ClearAll["Global`*"]
x[0] = 0;
y[0] = 1.;
ε = 0.01;
L = 0.1;
f[x_, y_] := x^2
SingleRK[u_, v_, L_ : 0.1] := 
 Module[{x = u, y = v, h = L, K1, K2, K3, K4, ynext, xnext}, 
  K1 = f[x, y];
  K2 = f[x + h/2, y + h*K1/2];
  K3 = f[x + h/2, y + h*K2/2];
  K4 = f[x + h, y + h*K3];
  ynext = y + h/6 (K1 + 2 K2 + 2 K3 + K4);
  xnext = x + h;
  Return[{xnext, ynext}]]
LocalRK[{u_, v_}] := 
 Module[{xnext, xinitial, ynext, yinitial, x, y, h = L, sol}, x = u; y = v;
  {xnext, ynext} = SingleRK[x, y, h];
  If[Abs[ynext - y] < ε, 
   While[Abs[ynext - y] < ε, h = 2 h;
    ynext = SingleRK[x, y, h] // Last; sol = SingleRK[x, y, h/2];], 
   While[Abs[ynext - y] > ε, h = h/2;
    ynext = SingleRK[x, y, h] // Last; sol = SingleRK[x, y, h];]];
  sol]
data = NestList[LocalRK, {x[0], y[0]}, 35];
Abs /@ Subtract @@@ 
  Partition[data[[;; , 1]], 2, 1](*Step-size information*)
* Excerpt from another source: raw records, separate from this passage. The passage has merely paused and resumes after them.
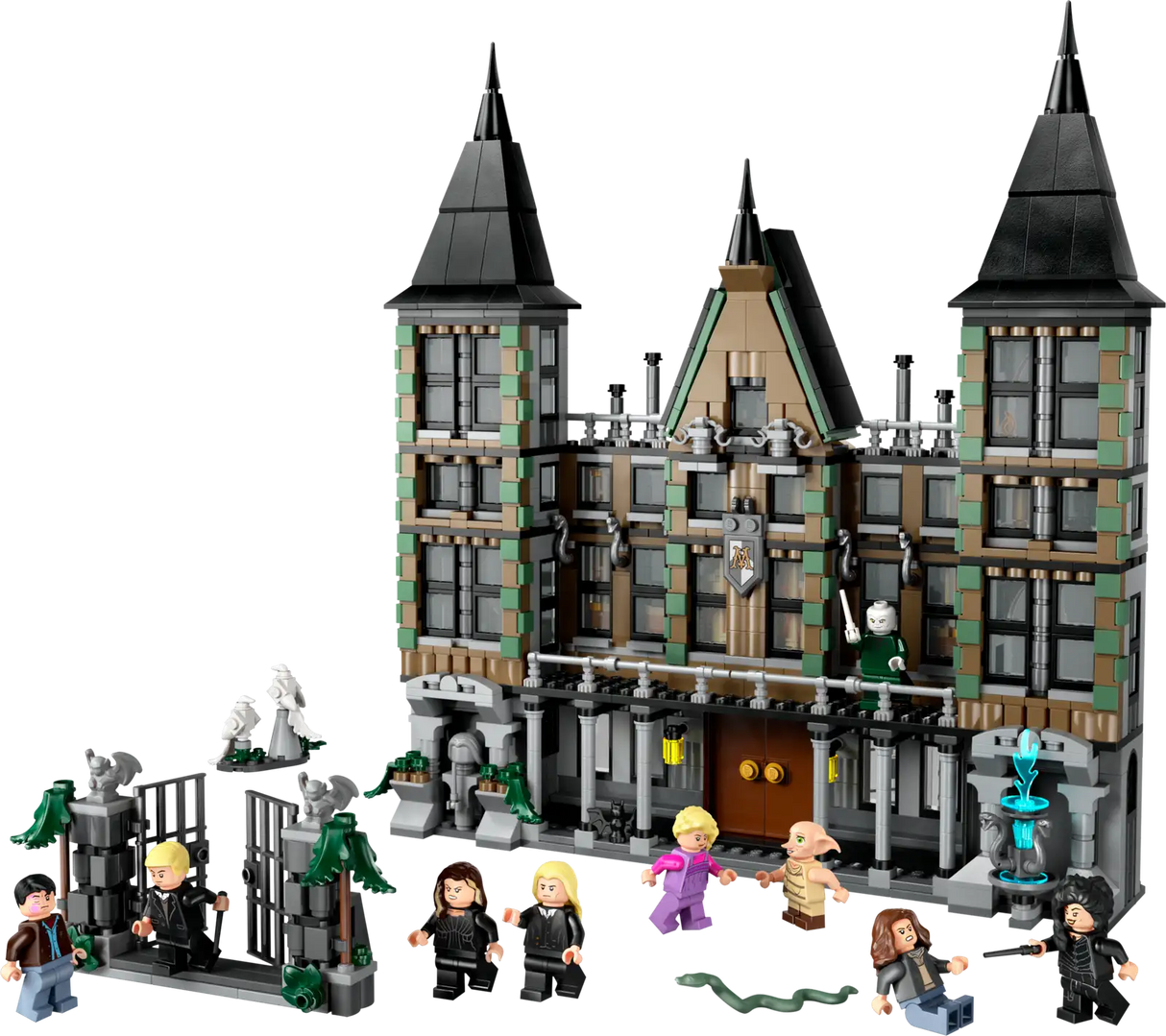 Malfoy Manor
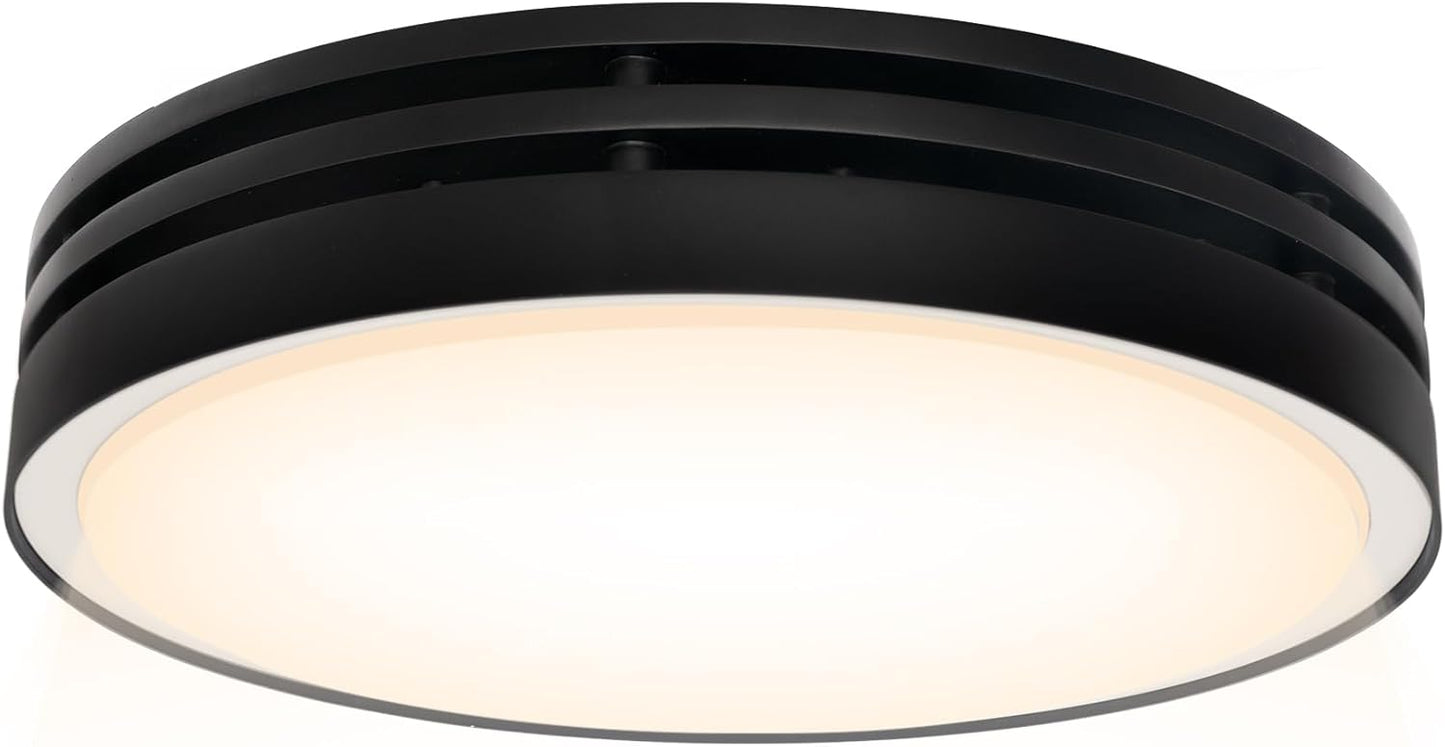 Akicon Bathroom Exhaust Fan with Light: Powerful & Stylish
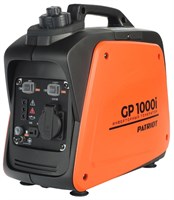 фото: Генератор Patriot GP 1000i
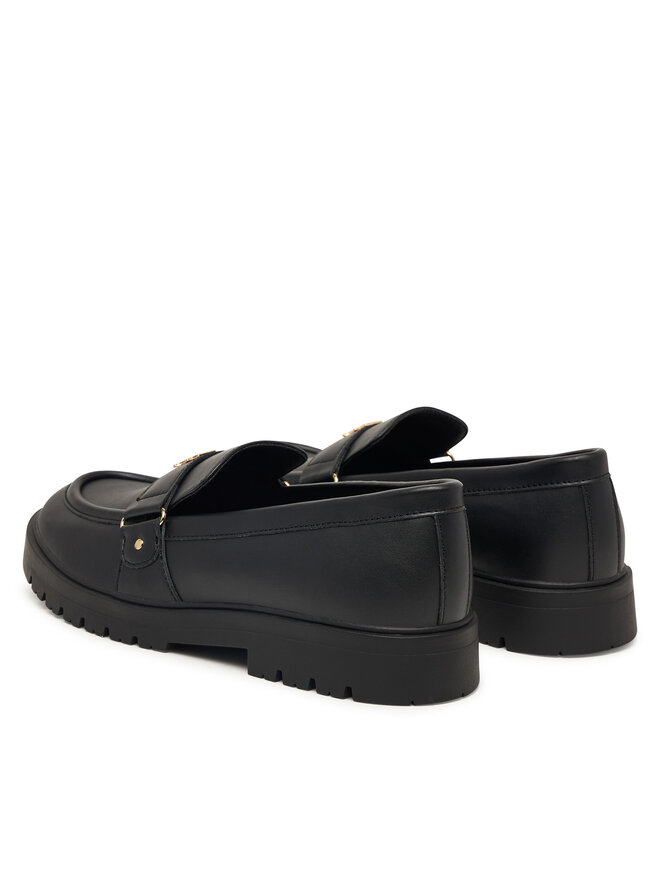 Tommy Hilfiger Slipper Tommy Hilfiger T3A4-35141-1355999 S Schwarz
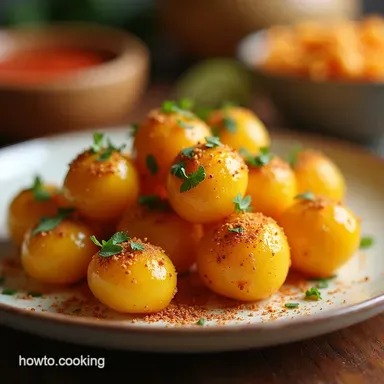 Homemade Tajin Seasoning ChiliLime Mango Bites Recipe Card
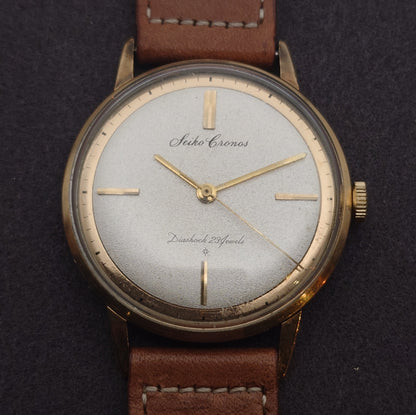 SEIKOクロノス変わり文字盤SEIKO Cronos – Rare Variant Dial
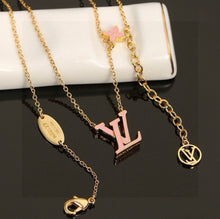 Load image into Gallery viewer, Logo Necklace
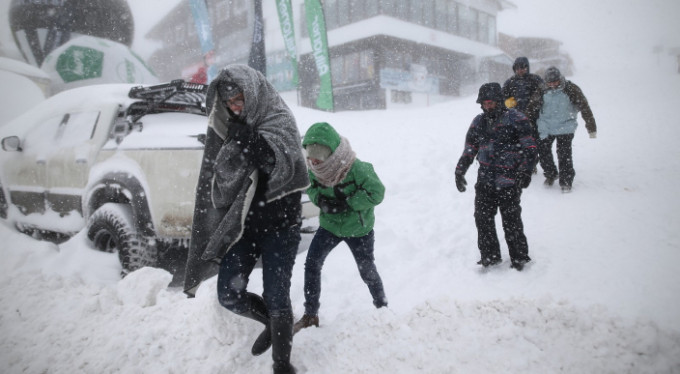 Uludağ'da tatilcilere büyük şok!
Show[Plot[1/3 (x^3 + 3), {x, 0, 1}, PlotStyle -> {Opacity[0.5], Red}],
  ListPlot[data, AxesOrigin -> {0, 0}, 
  PlotStyle -> {Black, PointSize[0.01]}]]
data

But the logic of this algorithm is not very clear. I hope community members can provide more and more sophisticated algorithms.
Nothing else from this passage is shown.